"""
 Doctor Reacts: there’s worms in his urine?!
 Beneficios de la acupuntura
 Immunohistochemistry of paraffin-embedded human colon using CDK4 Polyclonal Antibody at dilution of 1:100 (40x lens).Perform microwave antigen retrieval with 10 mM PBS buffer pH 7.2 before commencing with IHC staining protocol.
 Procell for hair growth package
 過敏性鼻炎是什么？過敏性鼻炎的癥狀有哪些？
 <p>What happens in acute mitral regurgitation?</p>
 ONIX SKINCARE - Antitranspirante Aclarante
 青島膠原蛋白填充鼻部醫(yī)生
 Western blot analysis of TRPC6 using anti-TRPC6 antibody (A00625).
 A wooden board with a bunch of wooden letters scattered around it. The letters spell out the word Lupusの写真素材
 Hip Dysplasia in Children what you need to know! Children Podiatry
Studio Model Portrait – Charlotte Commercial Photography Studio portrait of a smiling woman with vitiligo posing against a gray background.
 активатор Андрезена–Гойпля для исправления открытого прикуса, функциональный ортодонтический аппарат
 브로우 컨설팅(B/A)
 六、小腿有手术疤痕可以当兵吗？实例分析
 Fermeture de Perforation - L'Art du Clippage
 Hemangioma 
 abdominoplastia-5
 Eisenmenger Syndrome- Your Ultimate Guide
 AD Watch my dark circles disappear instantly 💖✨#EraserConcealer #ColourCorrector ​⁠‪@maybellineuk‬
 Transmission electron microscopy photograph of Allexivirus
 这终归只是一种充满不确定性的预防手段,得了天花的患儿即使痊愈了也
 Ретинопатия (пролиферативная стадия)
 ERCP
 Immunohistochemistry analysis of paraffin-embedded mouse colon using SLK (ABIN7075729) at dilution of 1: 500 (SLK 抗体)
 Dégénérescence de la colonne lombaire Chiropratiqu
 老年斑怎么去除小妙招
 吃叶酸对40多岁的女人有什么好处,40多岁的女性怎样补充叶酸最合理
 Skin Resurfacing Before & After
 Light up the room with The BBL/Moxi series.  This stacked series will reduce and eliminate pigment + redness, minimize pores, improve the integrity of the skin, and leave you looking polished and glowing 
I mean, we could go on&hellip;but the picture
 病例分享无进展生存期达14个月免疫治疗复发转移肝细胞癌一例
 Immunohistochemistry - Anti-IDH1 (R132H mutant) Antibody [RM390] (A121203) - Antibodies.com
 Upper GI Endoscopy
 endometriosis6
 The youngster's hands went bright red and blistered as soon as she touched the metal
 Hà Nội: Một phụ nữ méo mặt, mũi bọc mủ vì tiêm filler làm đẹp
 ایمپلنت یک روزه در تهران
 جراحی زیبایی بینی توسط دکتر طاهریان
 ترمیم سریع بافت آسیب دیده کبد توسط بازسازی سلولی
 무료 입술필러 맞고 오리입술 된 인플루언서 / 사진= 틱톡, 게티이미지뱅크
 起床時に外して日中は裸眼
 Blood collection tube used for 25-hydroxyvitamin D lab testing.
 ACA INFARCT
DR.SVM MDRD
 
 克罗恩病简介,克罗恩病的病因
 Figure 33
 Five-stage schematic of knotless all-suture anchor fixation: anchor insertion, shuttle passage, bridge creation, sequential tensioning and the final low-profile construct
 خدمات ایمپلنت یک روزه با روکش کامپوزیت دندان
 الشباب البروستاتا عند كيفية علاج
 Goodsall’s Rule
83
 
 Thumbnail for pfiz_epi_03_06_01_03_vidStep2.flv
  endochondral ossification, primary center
"""
— PROBLEM TO SOLVE —
Lines with "توسط": find them in the data and copy each one.

— RESPONSE AREA —
 جراحی زیبایی بینی توسط دکتر طاهریان
 ترمیم سریع بافت آسیب دیده کبد توسط بازسازی سلولی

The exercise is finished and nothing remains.